A marina in Carlisle Bay mere folly
REMARKABLE COINCIDENCES, with wonderful effects unforeseen by the engineers, attended the creation of a Coast Guard harbour at Oistins and the Hilton Barbados jetty.
In the first instance the Coast Guard harbour, filled with sand, created “Miami Beach” as collateral.
In the second case, the beach along Carlisle Bay was “mysteriously” widened while the impermeable jetty was rendered unserviceable.
Spurious superstition attributes the natural enhancement of the beach along Carlisle Bay (from the Pierhead Rocks to the Grand Barbados) to the Barbados Yacht Club’s loss of royal status! Questions arising wonder if the Royal Barbados Police Force will be desertified and Royal Westmoreland Hotel & Golf Course get a wider beach and more bunkers if they too lose the royal prefix.
It should not be necessary to sharpen a point by hyperbole or “reduction ad absurdum” when the folly of carrying coal to Newcastle is obvious.
The creation of a marina in or at any point of Carlisle Bay would be folly matching the provision of a fresh water swimming pool offshore as extravagant.
Carlisle Bay is an historic roadstead readily adaptable to the provision of hundreds of moorings, to be served by tenders from a shore establishment located where the Barbados Agricultural Development & Marketing Corporation and Fish Processing Plant now stand.

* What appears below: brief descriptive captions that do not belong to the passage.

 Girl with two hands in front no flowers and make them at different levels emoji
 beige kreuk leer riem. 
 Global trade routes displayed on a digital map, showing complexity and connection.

The Fish Processing Plant along Princess Alice Highway is every bit as obnoxious as was the abattoir which relocated.
The Fish Processing Plant should follow suit.
This relocation would enhance the salubrity of the walk along Trevor’s Way now injuriously affected by the stench of fish offal as a greeting to the entrance of The City from the Bridgetown Harbour.
A dedicated fishing harbour possibly in the north-west of the island where the wind is blowing “offshore” would be a happy solution.